Wednesday 9 November 2011

Salesforce Date fields are really DateTime fields

Migrating data into Salesforce takes up a lot of my time, and I use Apex Data Loader to carry out most of the heavy work. Usually I test migrate into my client's sandbox and then migrate into their production instance. However, one recent client insisted that their own support team carry out the final migration into production. So I handed over the csv files and my migration notes, but they struck a number of errors with environmental differences, especially dates.

For my Australasian clients I have always used data loader with the 'European Date Format' checkbox checked. If you don't know what this is, go to Settings and look for 'Use European date format (dd/mm/yyyy)'.
This option allows you to enter dates without transforming them into North American format (mm/dd/yyyy) or the full Salesforce format (yyyy-mm-ddThh:mm:ss.sssZ).

Unfortunately the person migrating my data into the production instance had different settings to me. They did not have the European Date format checked and their Time Zone setting was different, meaning that Salesforce was transforming 12/03/1992 into 3/12/1992 and occasionally subtracting a day due to the time zone difference; my fault for not specifying exactly what my settings were.

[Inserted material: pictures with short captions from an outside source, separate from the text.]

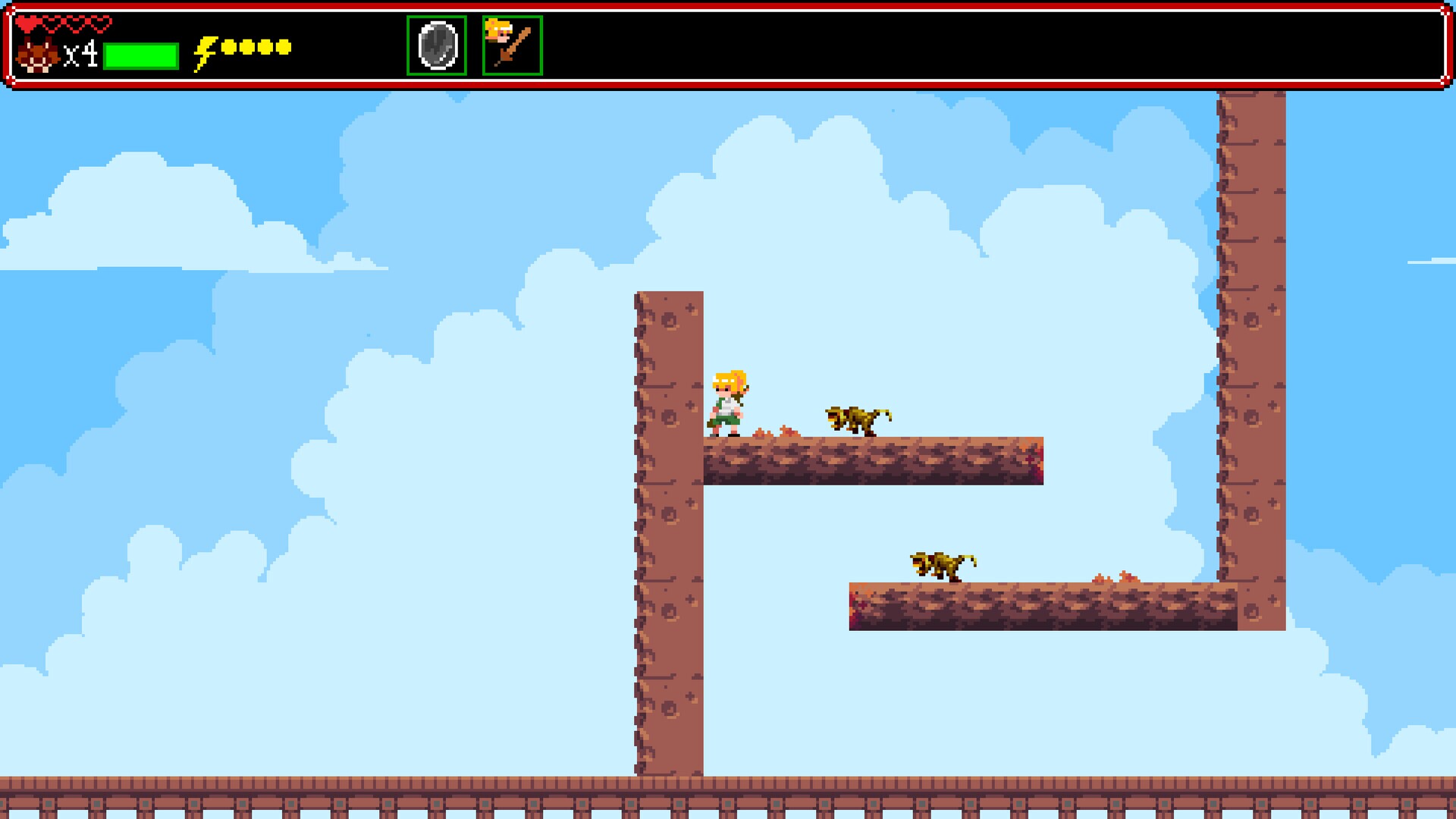 Super Sonday screenshot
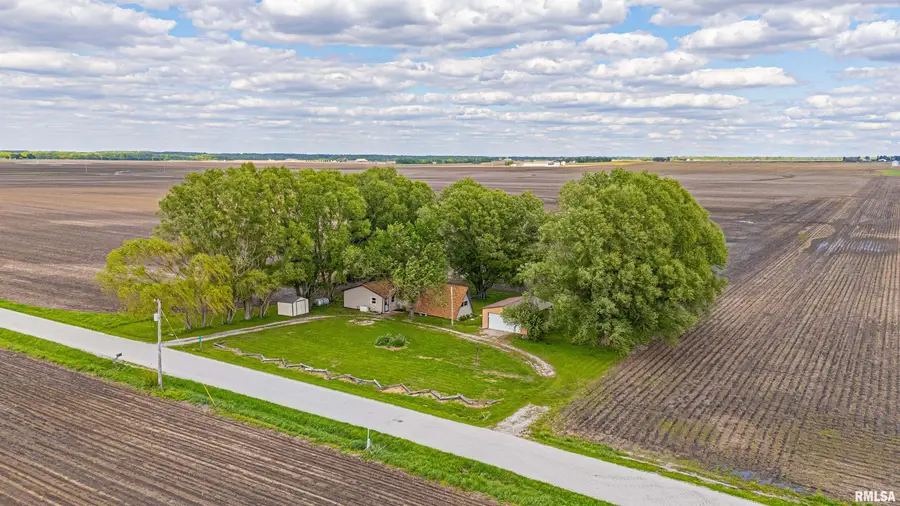 1254 700th Avenue, Lincoln, IL 62656 - #2
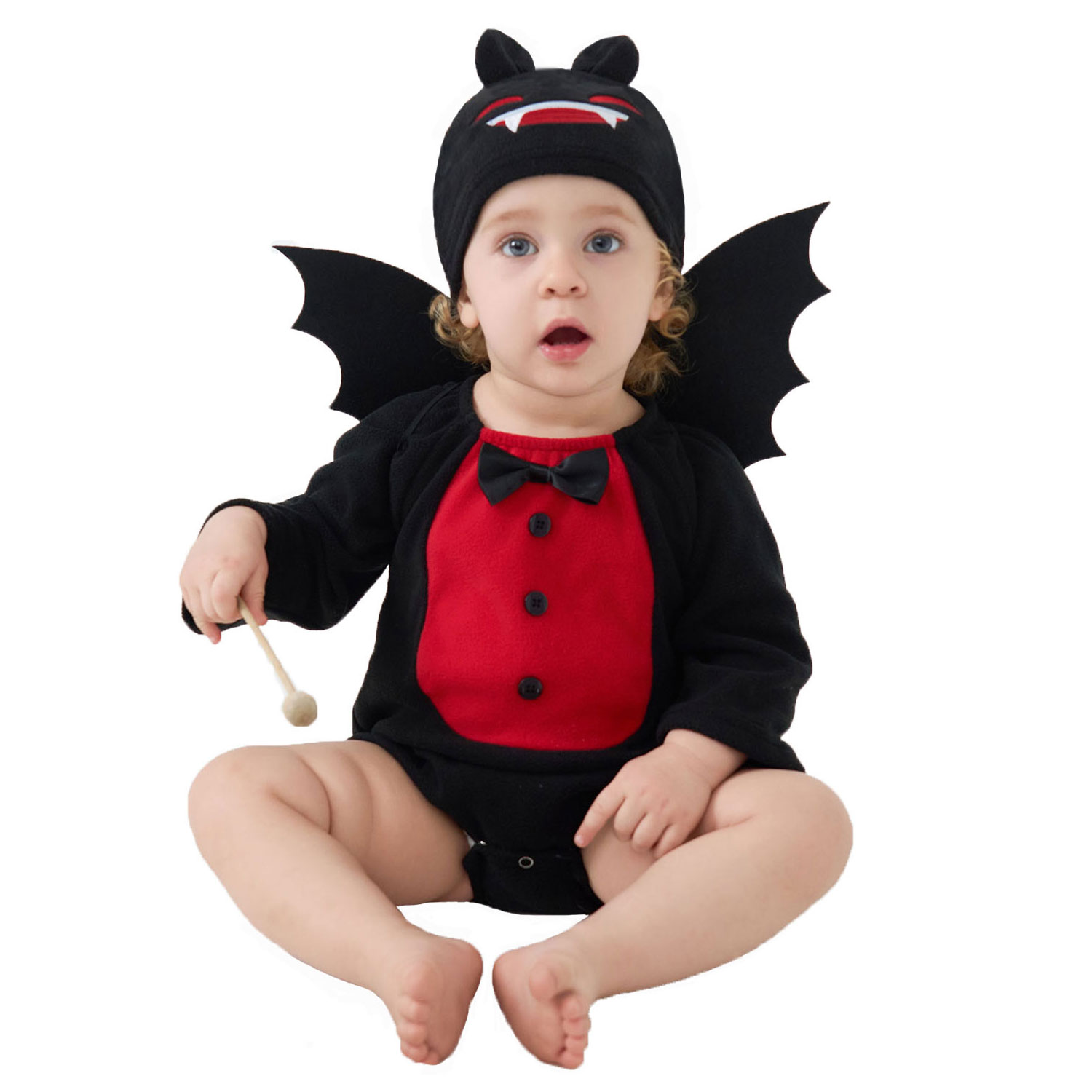Umorden Infant Baby Boys Girls - Cosplay Bat Prop ulasan dan harga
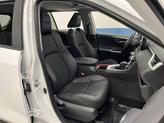 Thumbnail of 2024 Ice Cap Toyota RAV4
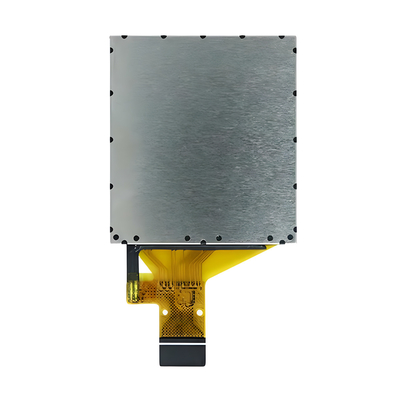 240x240 Dot Matrix TFT 1,3 Zoll SPI-LCD-Display, 1,3' Quadrat IPS TFT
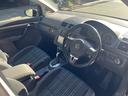 VOLKSWAGEN GOLF TOURAN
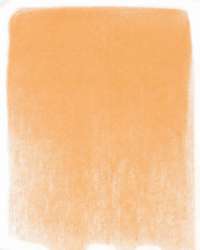 PANPASTEL® | Ultra Soft Artists' Painting Pastels — individual 9 ml pans, 9 ml pans, Pearlescent orange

However, the best solution is to make sure all dates are always in the full, correct Salesforce datetime format, instead of formatted as dates only. Loading dates in the full datetime format ensures that Salesforce recognises the correct date, regardless of the data loader date format and time zone settings.

Best Practice: Always use the full yyyy-mm-ddT00:00:00.000Z format when entering dates and times into Salesforce using data loader or any other data migration tool.